Oslo wants to build the world’s first zero-emissions Port

The MS Kongen, a ferry powered by the equivalent of 20 Tesla batteries. Port of Oslo
The MS Kongen, a ferry powered by the equivalent of 20 Tesla batteries. Port of Oslo

The Port of Oslo is electrifying ferries and taking other steps to slash emissions: “It’s what is necessary if we are going to reach the Paris Agreement.”

The edge of Oslo’s Ekeberg Hill gives quiet, unobstructed views of the Nordic city’s islands and bustling port. At the Sjursøya container terminal, cranes swing around, stacking multicolor containers in neat rows and columns. On the other side of the port, ferries load and unload passengers. A massive cruise ship idles while its inhabitants wander around the city.

The Port of Oslo receives between 50 and 70 calls a week and 12,500 containers a month, and the ships and shore equipment help produce 55,000 metric tons of greenhouse-gas emissions a year. That last figure is what Oslo is trying to change. By 2030, the port aims to make an 85 percent reduction in its emissions of carbon dioxide, sulphur oxide, nitrogen oxide, and particulate matter, with the goal of becoming the world’s first zero-emissions port.
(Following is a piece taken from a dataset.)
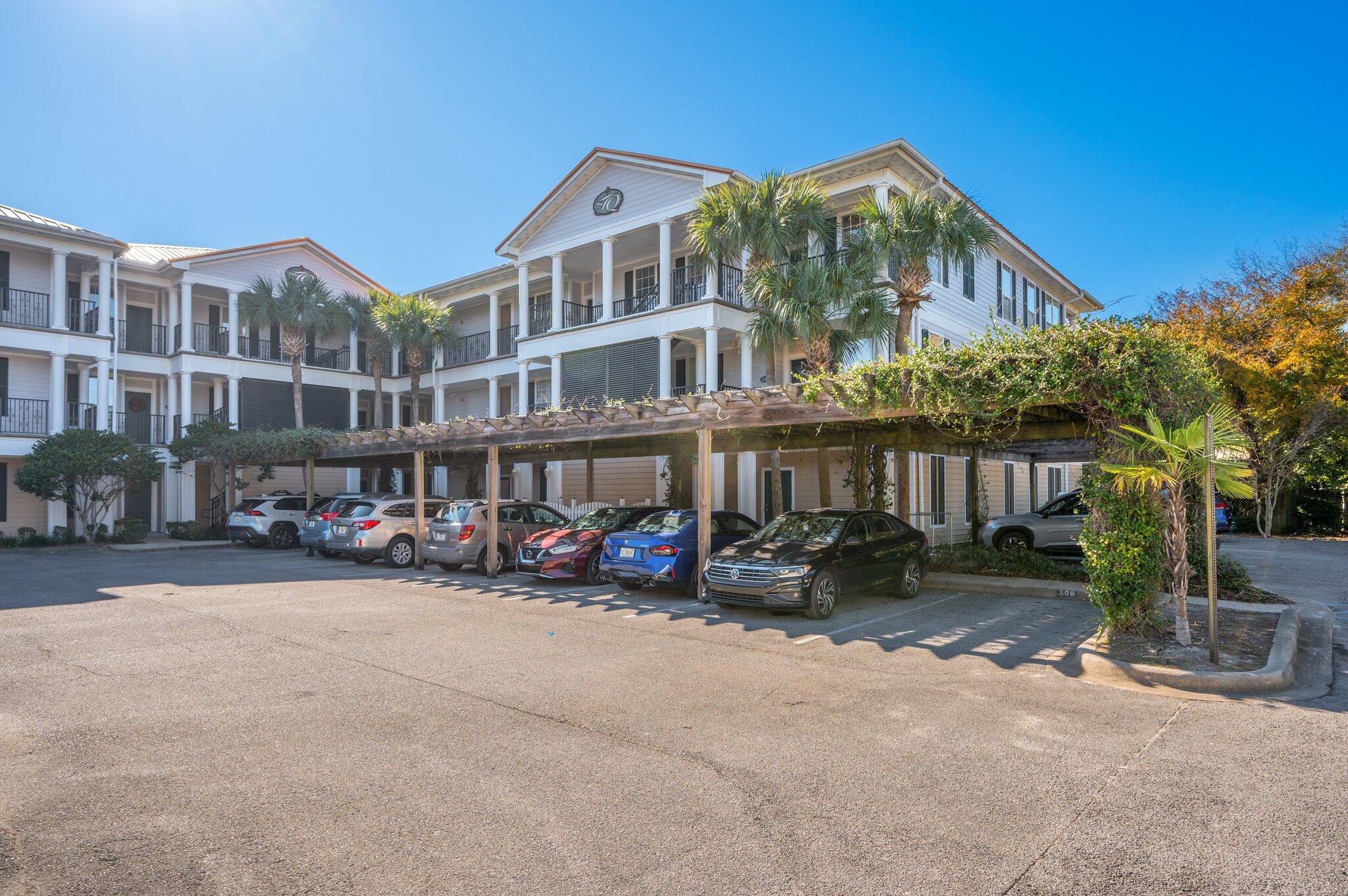 FRENCH QUARTERS - Residential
“It’s very ambitious, but at the same time it’s what is necessary if we are going to reach the Paris Agreement,” says Heidi Neilson, head of environment for the Port of Oslo. The port’s 17-point climate action plan includes refitting ferry boats, implementing a low-carbon contracting process, and installing shore power, which would allow boats to cut their engines and plug into the grid when docked.

The effort is part of the city’s mandate to cut overall emissions by 95 percent by 2030—a decree that spares no person nor industry. The city’s climate budget and strategy is an all-hands atonement for the oil industry that made Norway into a very rich country.
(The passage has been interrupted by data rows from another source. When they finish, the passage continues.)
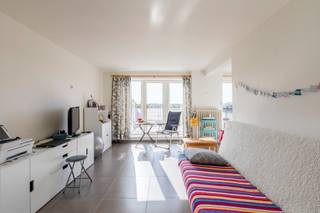 Dit gezellige appartement beschikt over één slaapkamer en een sfeervolle woonkamer die naadloos overgaat in een open keuken. De badkamer en...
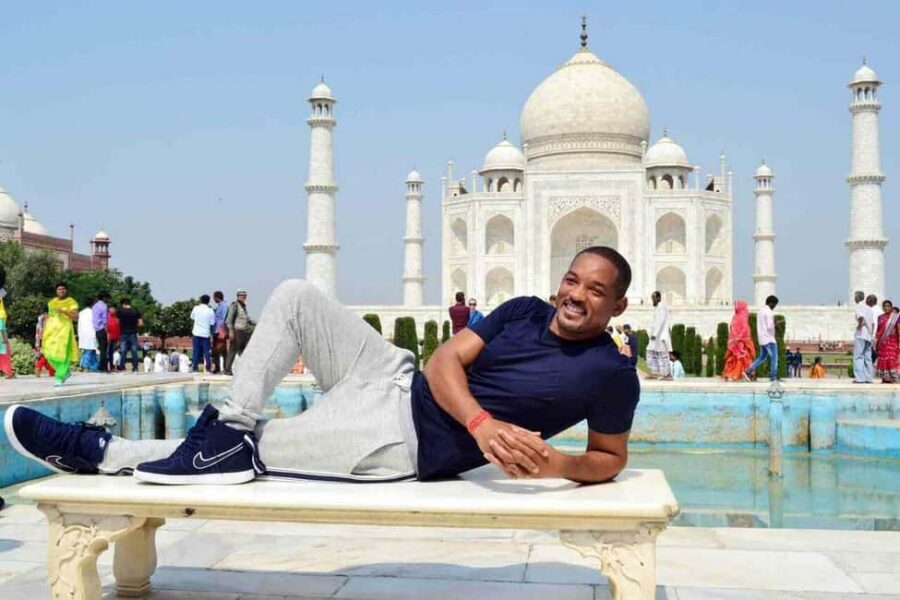 From Mumbai: Same Day Taj Mahal, Agra Tour with Flights - Lunch at a 5-star spot: Mughlai food and a real break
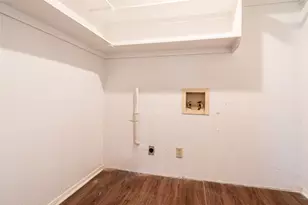 2015 Wood Ct, Granbury, TX 76048 - Photo 25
The Sjursøya container terminal, and beyond it, cruise ships docked near the city center. (Port of Oslo)

“To reach the targets, all sectors have to reduce their emissions. Hence, the port and the maritime industry in Oslo must decarbonize at the same speed as the other sectors (i.e. energy supply, heating, construction, waste and combustion, road traffic),” writes Oslo Climate Agency Director Heidi Sørensen in an email to CityLab.
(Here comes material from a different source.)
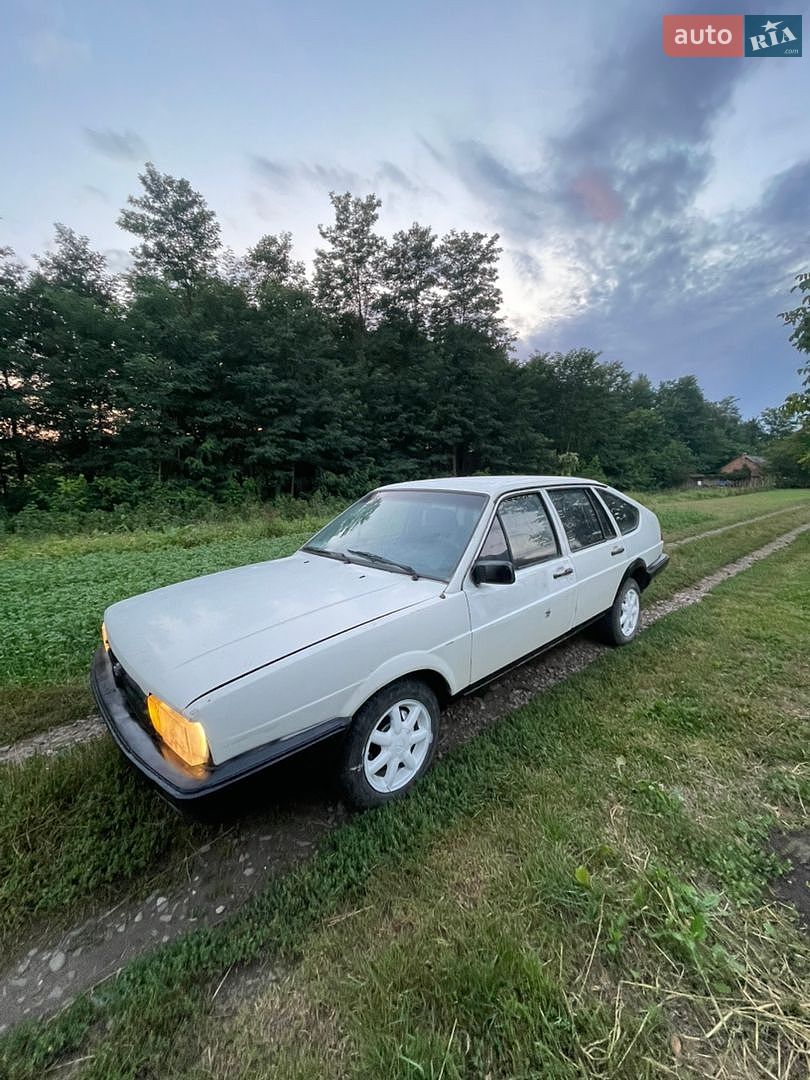Volkswagen Passat 1986 VIN WVWZZZ32ZGE093075 фото оголошення 80 з 80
In August, the port signed a contract with Norwegian NGO the Bellona Foundation to move full speed ahead on cutting emissions—whether its users like it or not.

Freight’s big decarbonization challenge

According to the UN’s International Maritime Organization, between 80 and 90 percent of the world’s trade by volume is transported by sea on high-sulphur fuel oil—the dirtiest fuel there is. That’s about 94,000 vessels carrying 10 billion tons of crude, chemicals, corn, and cargo, to the tune of $4 trillion a year and nearly 4 percent of global GHG emissions.

In Oslo, container ships aren’t the only problem. Ferries running to Denmark and Germany are responsible for nearly 40 percent of port emissions, while local ferries account for 12 percent, and onshore handling and transport equipment accounts for 14 percent. To address local ferry emissions, the port awarded a contract to Norled, which is currently tasked with electrifying three of 10 existing passenger ships. When all three of these heavily used ferries are outfitted with batteries, Norled estimates the transit authority’s port emissions will decline by 70 percent. Norled delivered the first electric refit in September—a job that took 150 workers a combined total of 25,000 hours. MS Kongen now has the equivalent of 20 Tesla batteries on board.

Progress is slower when it comes to bigger ships. Cruise and cargo ships still can’t cross an ocean on battery power alone because of the cumbersome size and weight of the required batteries. Hydrogen is gaining traction as an environmentally friendly option compatible with long-haul shipping. The fuel emits water and can be produced with renewable electricity. Unfortunately, it’s also prohibitively expensive at this early stage in its maritime-sector development.

“Hydrogen is, I think, the only energy carrier that is completely CO2 free and able to power ships on longer sailings. If you need to get the ship to sail from Rotterdam to New York, you cannot do it with batteries. You can only do it with hydrogen,” says Alex Ruijs, a senior consultant with Royal HaskoningDHV who works on electrical power and energy in the maritime and aviation sectors. However, he adds, the fuel is still 10 to 15 years away from being commercially competitive. Technologies to reliably produce other synthetic fuels are also not yet economically viable.